I’ve watched a lot of fledglings on our deck where we have several bird feeders. The babies will stand in the bird seed with their beaks open waiting for the parent birds to feed them. Sooner or later tough love must set in until the bird catches on that it can peck for its own food now.

13 05 2010
natureisalanguage

You were going to interfere? Why may I ask? We as humans see the way we act as the correct way and feel that all other animals should follow our morals and ethics. We applaud animals that live in a similar fashion to us, kind loving monogamous parents for example. Yet frown up things like infanticide or attacking other birds. We love the monogamy of Swans yet the gang rape style of mating used by mallards is seen in disgust.

Parent birds are known for their attacks of their young. For example it’s common in Coots. The smallest of the brood is often pecked to death or left to starve if there’s too many to feed. Pelican chicks will often push other chicks out of the nest to ensure that it gets all the food and the other is left to starve or is predator feed.

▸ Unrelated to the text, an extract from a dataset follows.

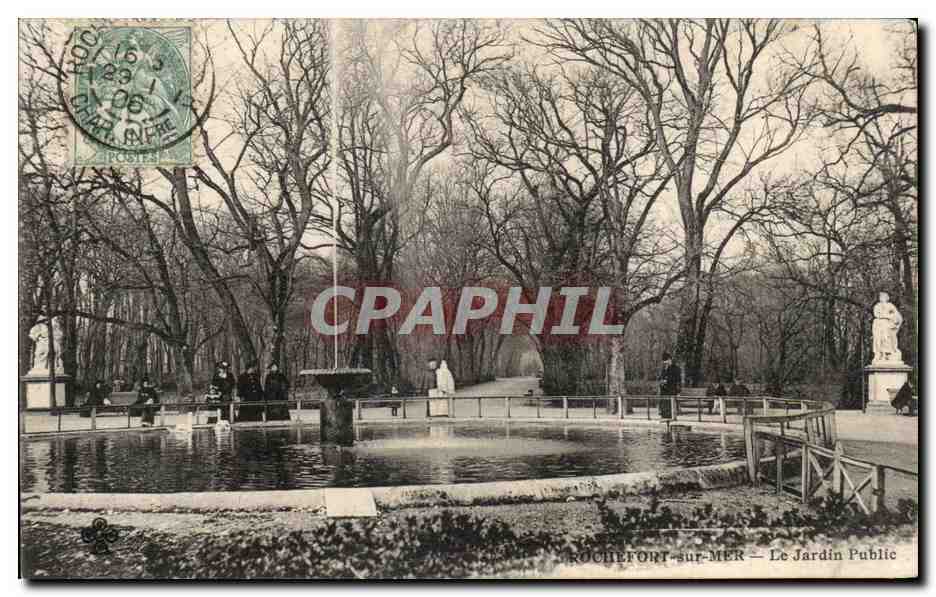 ROCHEFORT-sur-MER — Le Jardin Public — éditeur non visible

It’s just the way of life, the starling chick could have been the runt from a fledged brood and the parents are trying to speed up its independence or something similar.

13 05 2010
lje1

Good points… but I can’t bear to see any creature hurt regardless of whether or not it’s nature’s way. And, yes, I suppose that is applying my values to the animal kingdom. I feel the same way when someone picks flowers or strips leaves from trees. I don’t think any living thing should be in pain.